Word for the day by Christian Education Forum
Christian Approach to Differently AbledSt. John Chapter 9
“Neither this man nor his parents sinned; he was born blind so that God’s works might be revealed in him”
Every day, with the exception of a major lockdown, we see many people. These people stand out to us whether it be by their personality, physical traits, or intentions. Every single day, we make judgments about these people, willingly or unwillingly, knowingly or unknowingly. One such judgment is seen through Jesus’s disciples: the disciples assign blame for the blind man’s previous sins as an explanation for his physical state. In today’s gospel lesson, however, Christ teaches us otherwise. He teaches us about the danger of the blindness of blame.
“Neither this man nor his parents sinned; he was born blind so that God’s works might be revealed in him” (Jn. 9:3). Christ’s response can really frustrate us. It sounds as if Christ is saying that God made this man blind so that God could heal him later on. It seems rather cruel, doesn’t it? Why make him blind in the first place if Christ would heal him anyway?
It is important to approach this situation through a different lens. In Paul’s letter to the Corinthians, Christ says, “And he said unto me, My grace is sufficient for thee: for my strength is made perfect in weakness. Most gladly, therefore, will I rather glory in my infirmities, that the power of Christ may rest upon me.” So it is not in our strength that we are saved but in our weakness.
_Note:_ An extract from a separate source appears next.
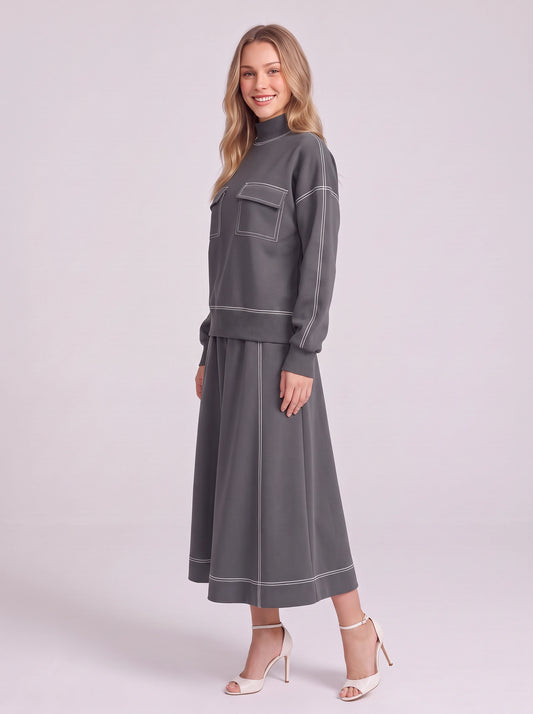 Contrix Turtleneck Wide-Leg Loungewear Set – Two Piece Sets Women Sweat Set Lounge Sets Ribbed Midi Skirt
This is extremely important to consider in the context of this passage. Oftentimes, we think of those who outwardly appear good and healthy and we do not assign blame to them but applaud them as pious stewards before God. The irony of Christ, however, is that the weak who are humble and receive the grace of God, as the blind man did today, will inherit the kingdom of God. This is God’s approach to the differently abled, that those who seek him the most out of their weakness shall receive the light, and glorify God as the blind man has today. God’s plans for his people, whatever identity they have, or their physical and mental capabilities, are all different. Do we see vanity in judging others before God?
Humans do not reserve the right to judge or assign blame before others, and that right is reserved by God alone. In the midst of weakness that we encounter, whether it be physical or mental, we must remember to turn to God, the ultimate healer, in humility, and his grace will be sufficient for us.
Oh Lord of awesome wonder, thank you for creating us, as we are. Allow us to not use our energy in assigning blame to others, but come before you in humility in our weakness. Amen.
Thought of the day
If we blame, we are spiritually blind.